Working Papers

Talking to a Chatbot: AI Recommendations and Belief Updating

Job Market Paper

Abstract: This study investigates whether AI-powered chatbots are more persuasive than static sources of information. In a lab experiment, participants reported their beliefs about the correct answer to a series of logical reasoning questions both before and after receiving recommendations generated by the same AI model.
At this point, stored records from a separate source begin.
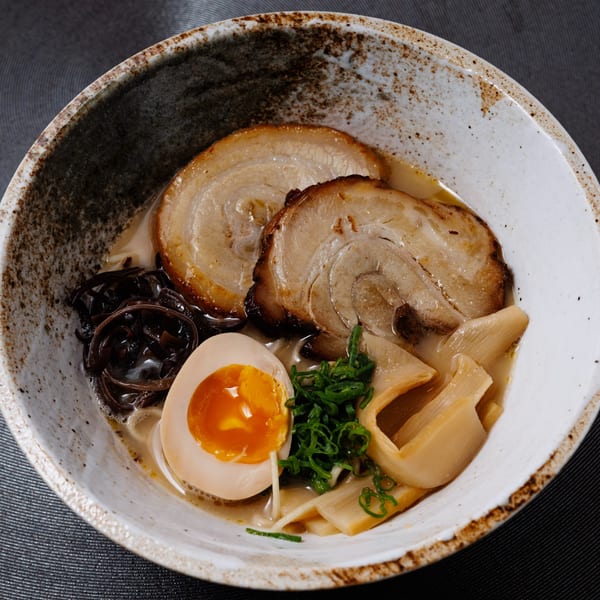 Kogane Ramen bowl with pork belly, soft-boiled egg, bamboo shoots, wood ear mushrooms, and scallions.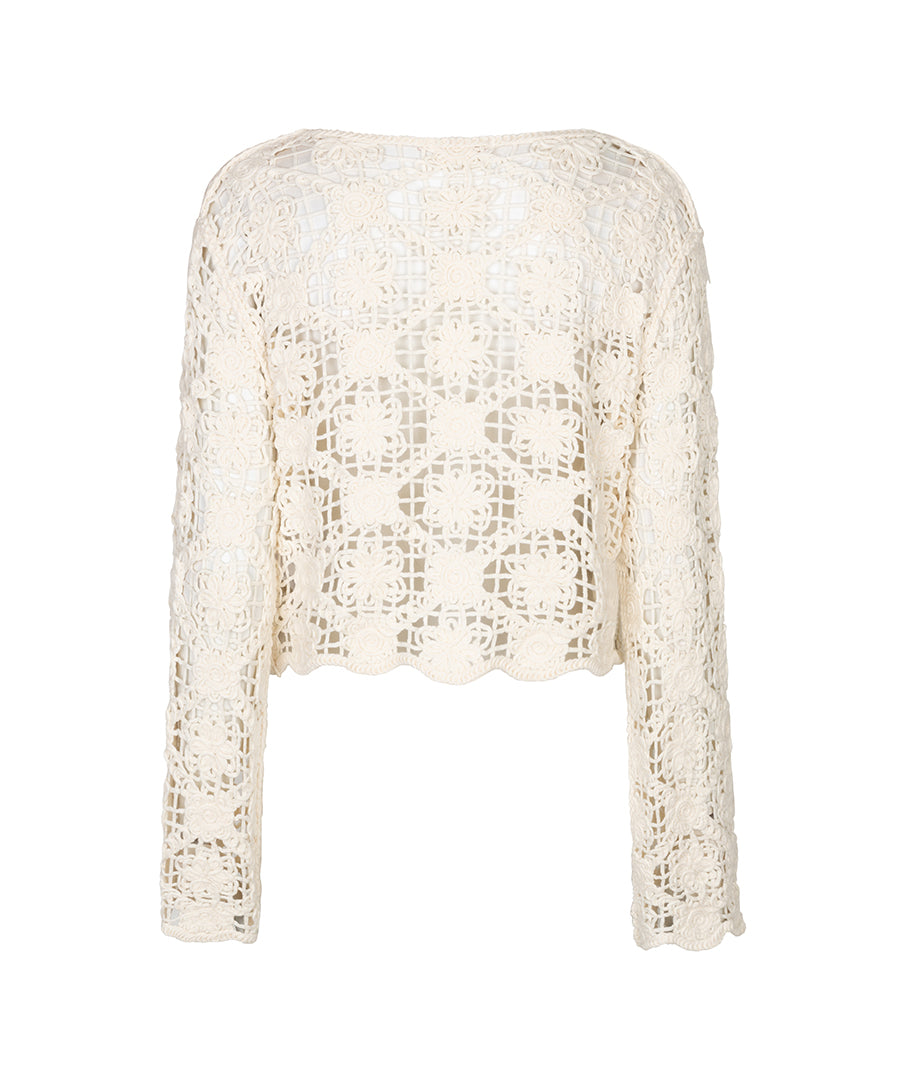 White crochet top on a white background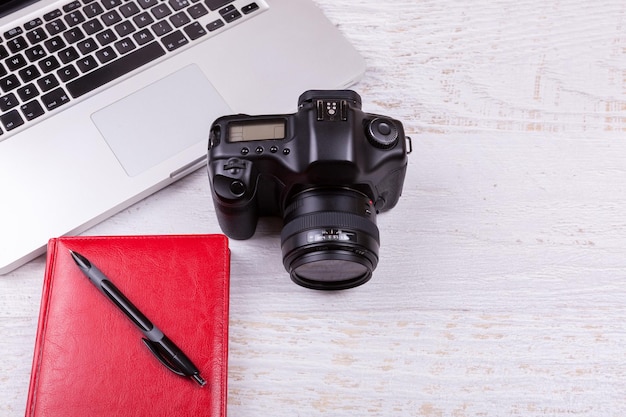 Free photo over top photo of dslr digital camera and laptop on wooden background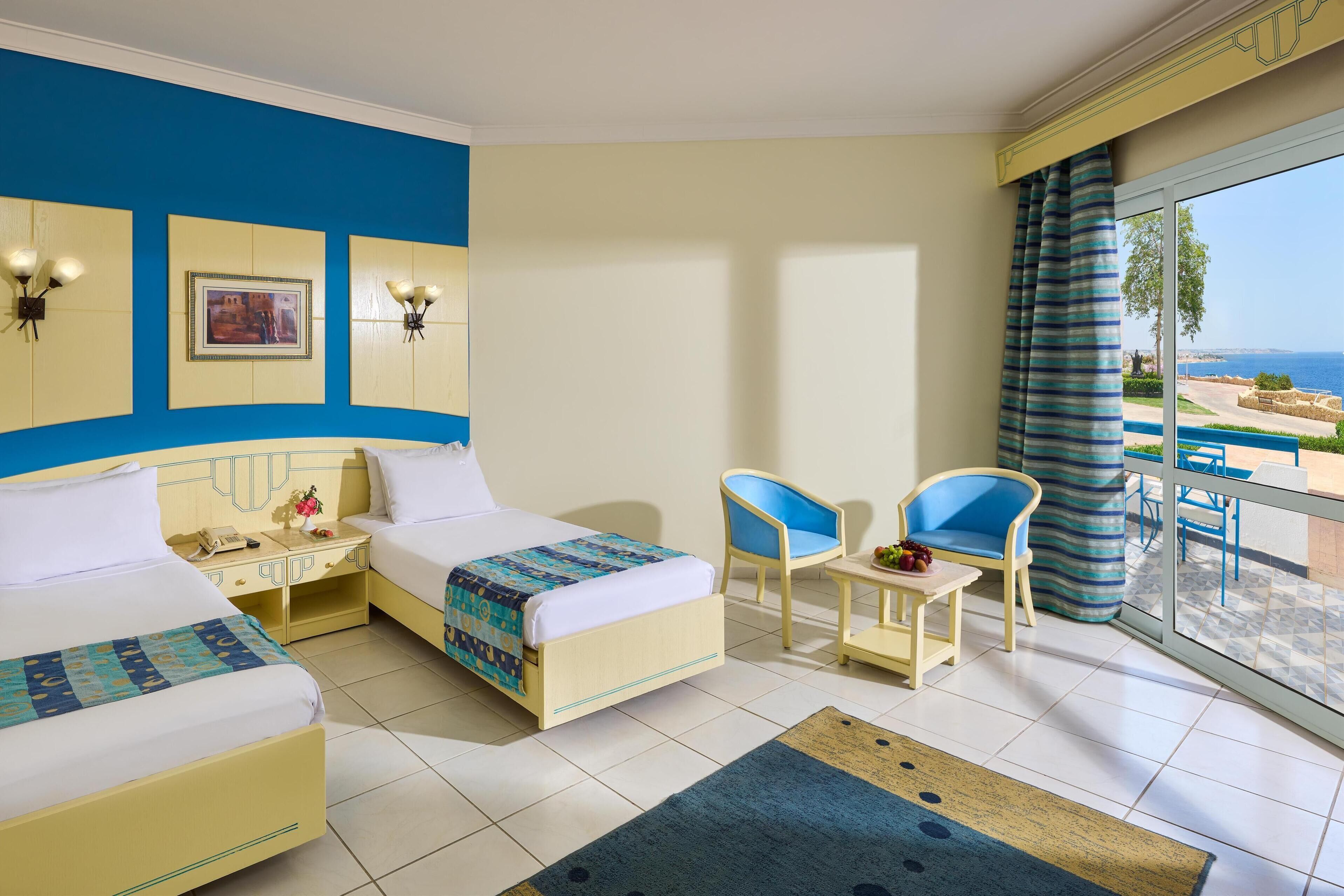 A hotel room with two beds, a balcony with a view, and a dining area.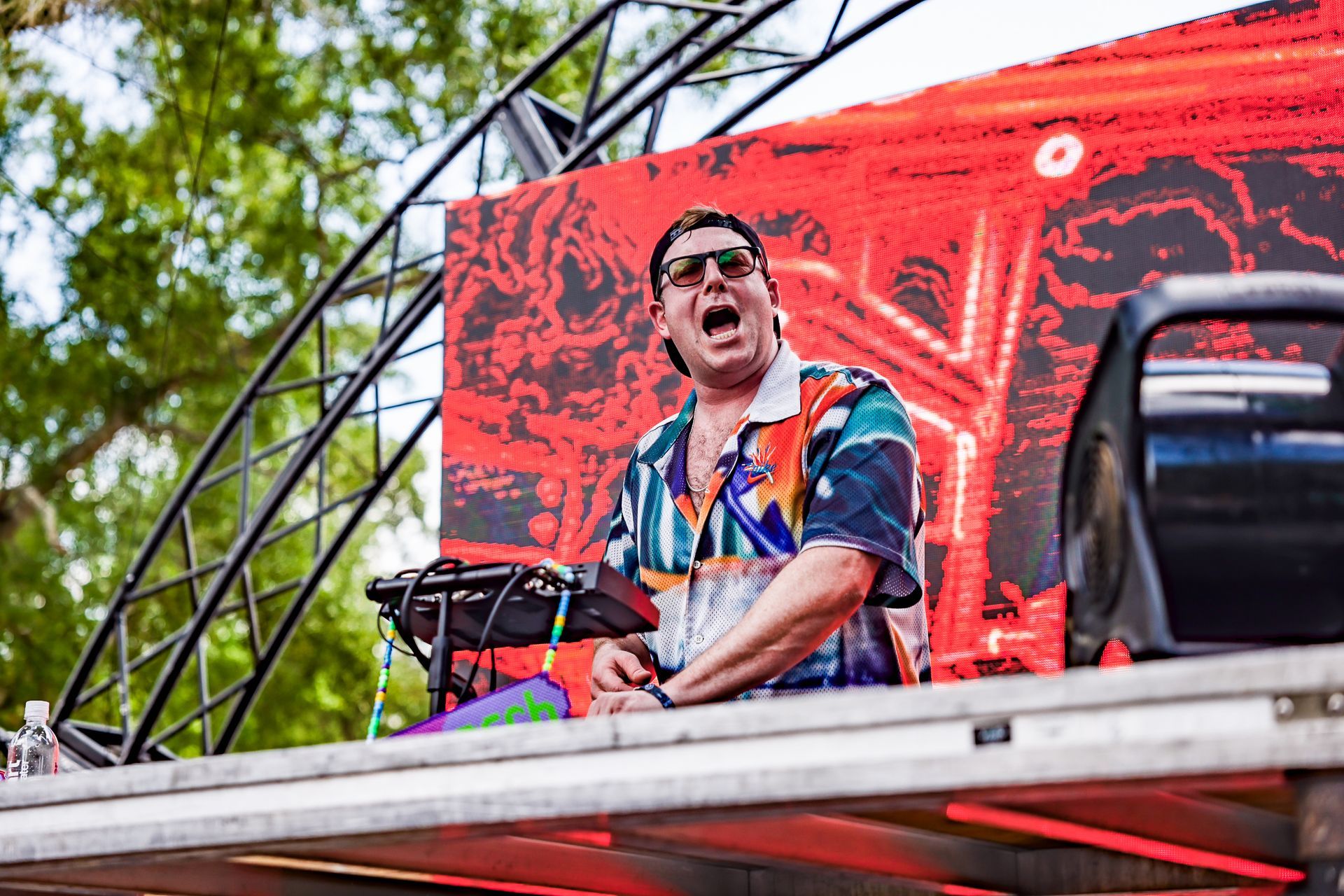 A man is sitting on a stage playing a dj set.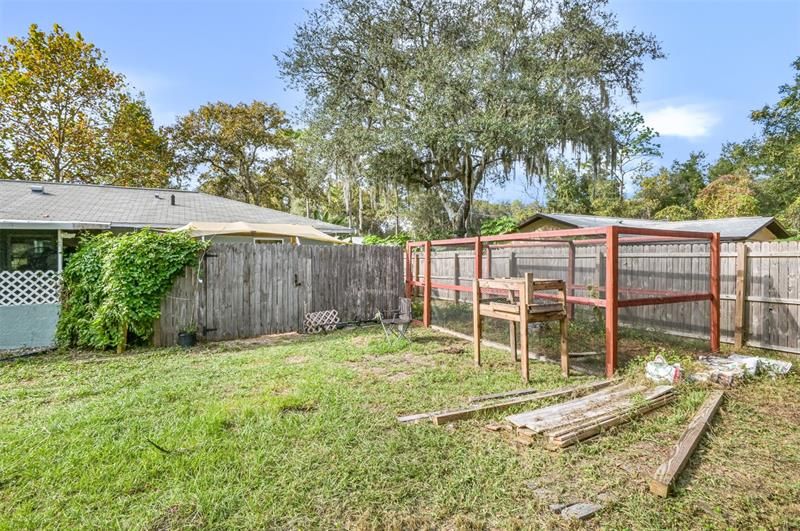 Chicken Run w/ the coop being behind the wood privacy fence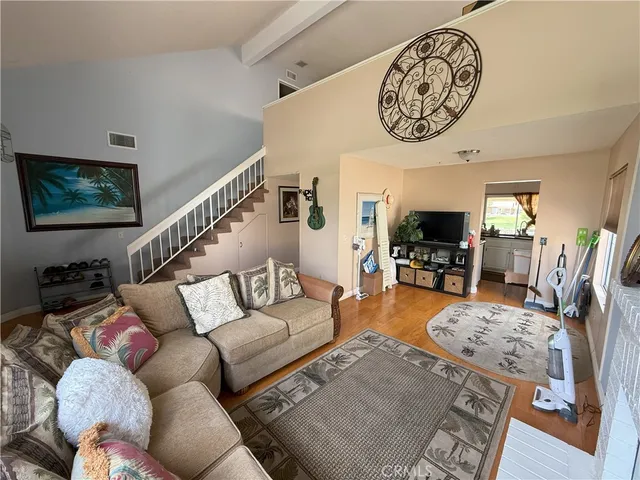 a living room with furniture a flat screen tv and a wall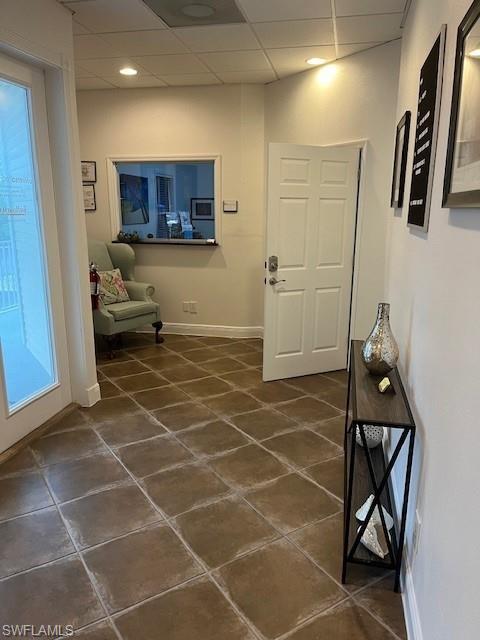 Entryway featuring a drop ceiling and baseboards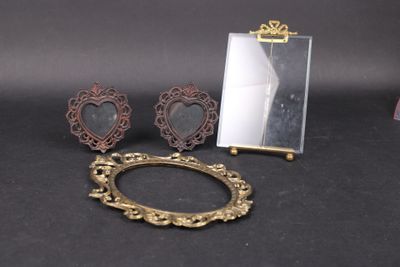 une photo représentant un miroir, un cadre et une paire de boucles d'oreilles posés sur une table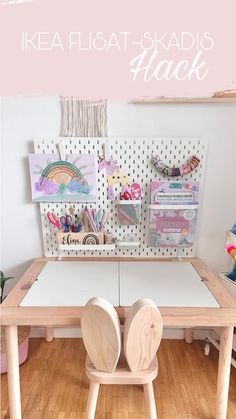 two wooden chairs sitting on top of a table next to a white board with pictures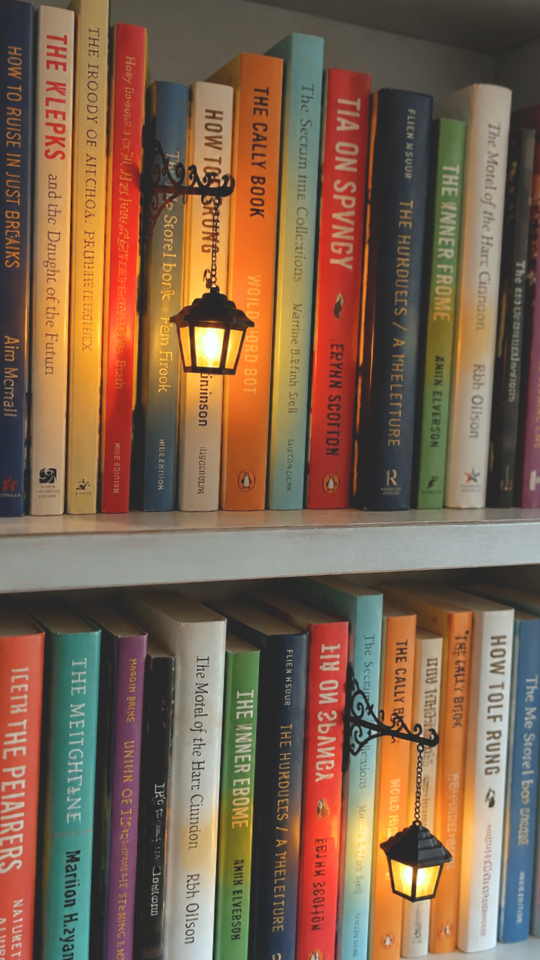 Close-up of lanterns glowing between book spines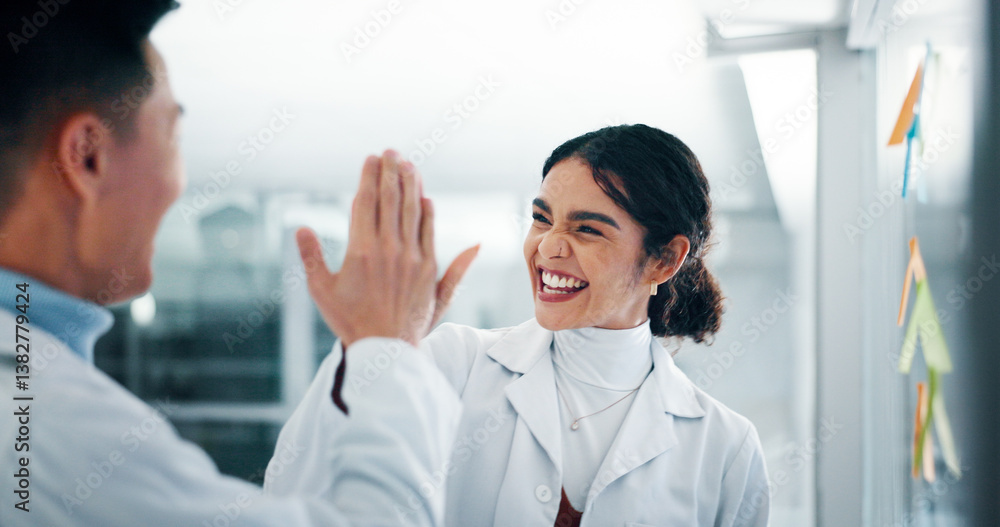 Lab, scientist and people with medical research, high five and colleagues with sticky notes or happy. Celebration, teamwork and employees with gesture for success, healthcare or achievement in clinic Lab, scientist and people with medical research, high five and colleagues with sticky notes or happy. Celebration, teamwork and employees with gesture for success, healthcare or achievement in clinic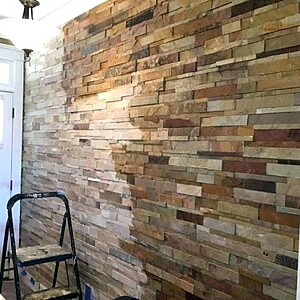 Aplicare solutie etansare pe perete din piatra pentru protectie impotriva umezelii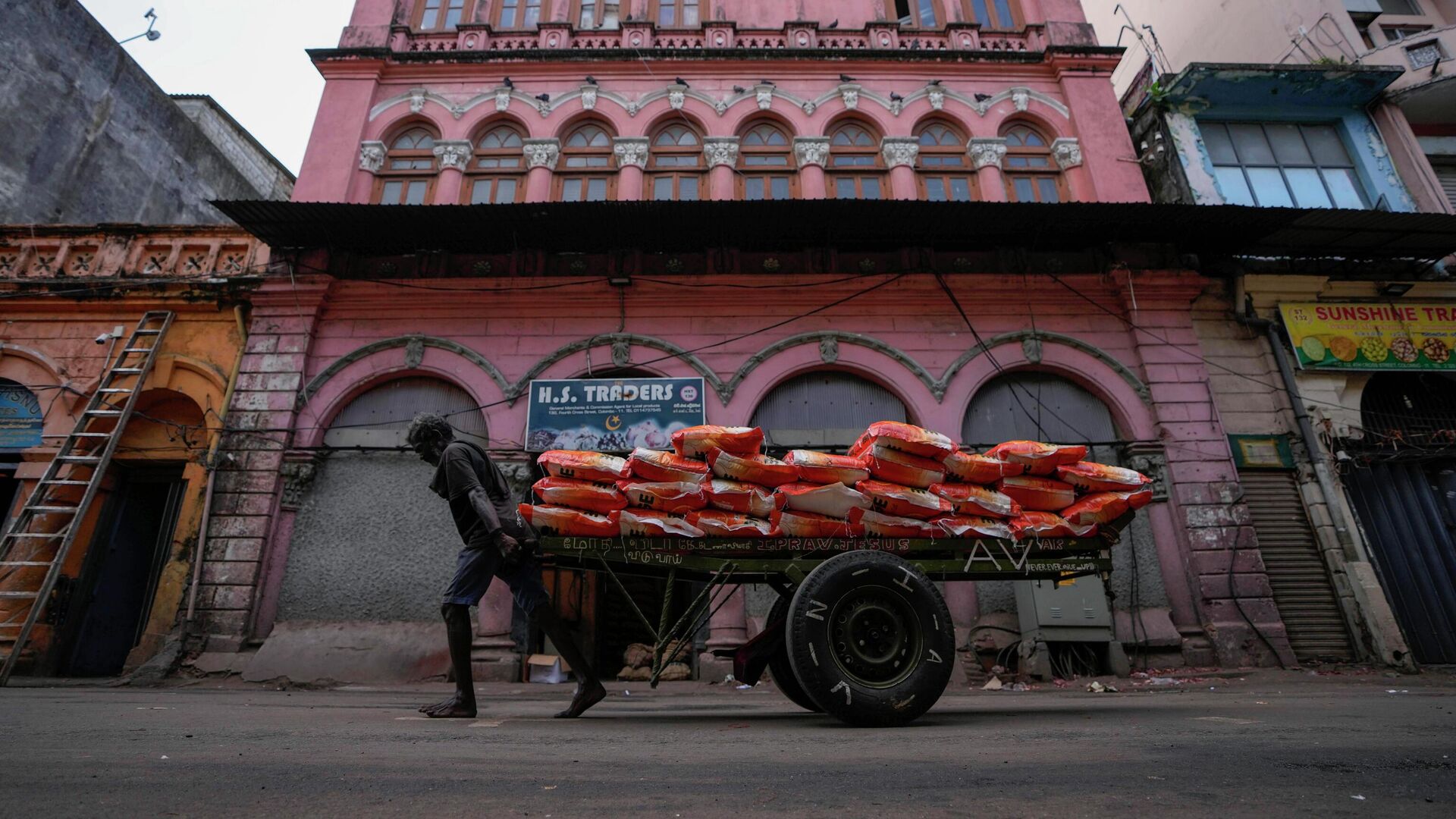 A laborer pulls a cart load of imported rice at a wholesale market in Colombo, Sri Lanka, Sunday, June 26, 2022. - Sputnik India, 1920, 10.09.2023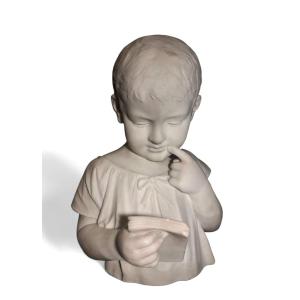 Busto di bambino in lettura, marmo di Carrara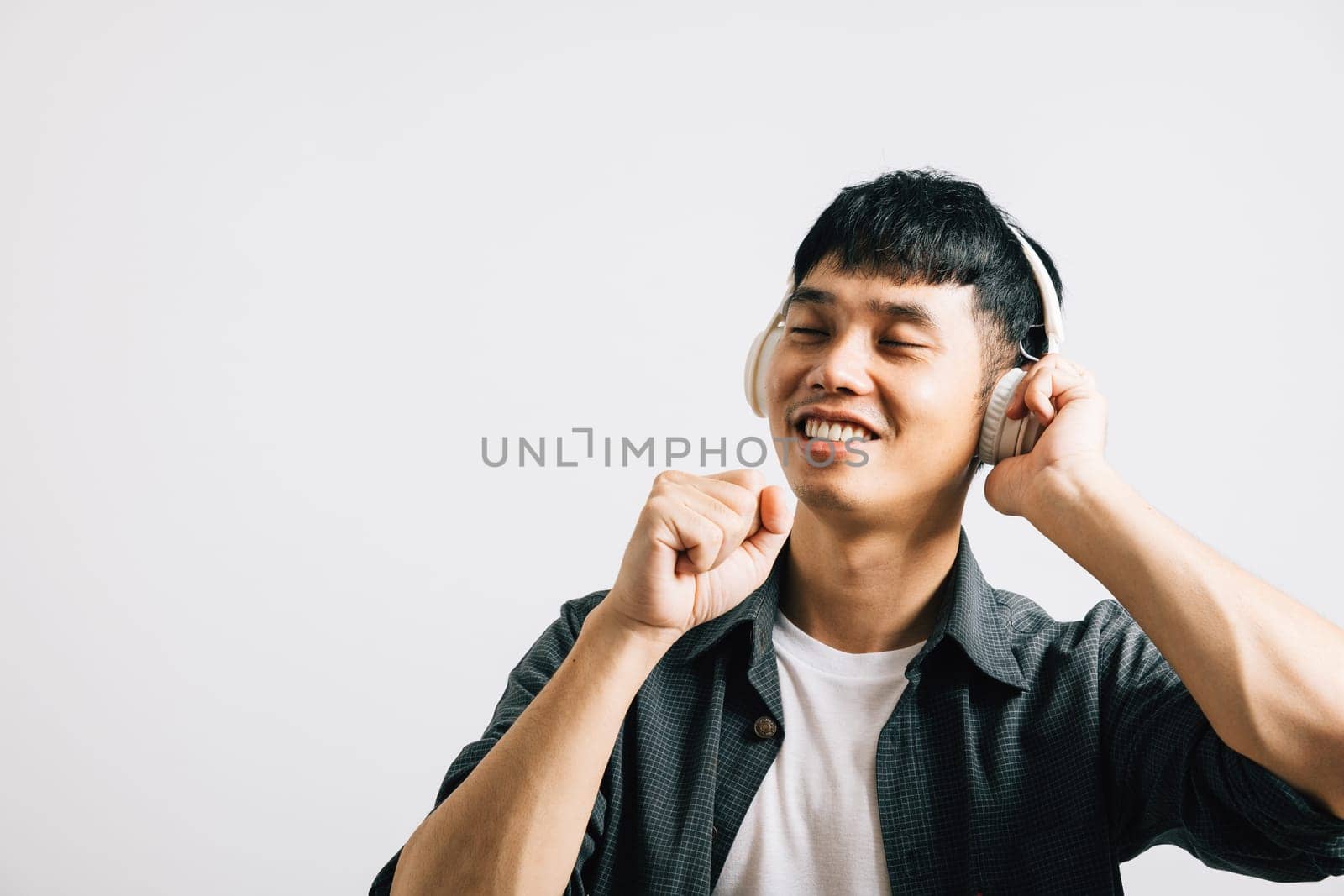 Portrait Asian smiling young man wearing make hands look like holding microphone and singing song studio shot isolated white background, Happy lifestyle men listens to music, happiness and enjoyment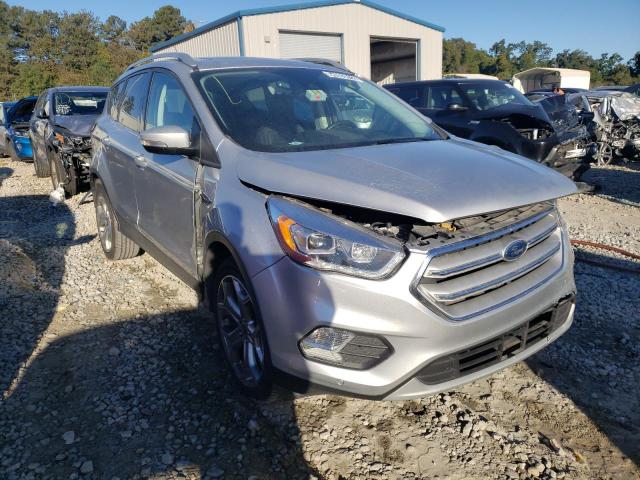FORD ESCAPE TIT 2019 with VIN 1FMCU9J96KUA77028 - Photo from auction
In one treatment, participants received real-time recommendations from a chatbot, while in the other, they received static, pre-generated recommendations. The informational content of the recommendations, including both the recommended answers and the reasoning behind them, was distributionally matched across treatments. Participants who interacted with the chatbot were slightly more likely to update their beliefs following the AI recommendations, with a 31.46 percentage point change compared to 26.31 in the static treatment (p = 0.084). Further analyses reveal that the chatbot was especially persuasive among participants whose initial beliefs clashed with the recommendations.

Monitoring as a Service

Abstract: This study explores whether a monitoring service can help mitigate procrastination and improve commitment. In a real-effort experiment, participants needed to complete 80 tasks across three sessions over three weeks. In the first week, after making a non-binding plan for how many tasks to complete during the final two weeks, they were randomly assigned to either a Control or a Monitored group. In the Monitored group, participants were connected with a Monitor via WhatsApp, who would observe their progress and send out reminders if they delayed their work. Monitoring improved adherence to the initial plan by 12.75 percentage points (p < 0.05) and completing all the required tasks by 19.47 percentage points (p < 0.001), mainly by reducing dropout rate. The findings suggest that combining external oversight with performance-related reminders can be an effective method to combat procrastination.



Work in Progress

Emotional Discrimination

(with Sigrid Suetens and Boris van Leeuwen)

Abstract: We study whether emotionality in the decision context has an influence on ethnic discrimination. Participants from an ethnic majority group act as responders in an ultimatum game experiment where they receive a low offer. The experiment uses a two-by-two design, varying the proposer’s ethnic background and the responder’s emotional state. Proposers either have a similar ethnic background to the responder or belong to an ethnic minority group. Responders make decisions in either a “hot” context (seeing the offer before deciding) or a “cold” context (deciding before seeing the offer). Our results show no evidence that emotions increase ethnic discrimination: responders are no more likely to reject low offers from minority proposers than majority proposers, regardless of the decision context.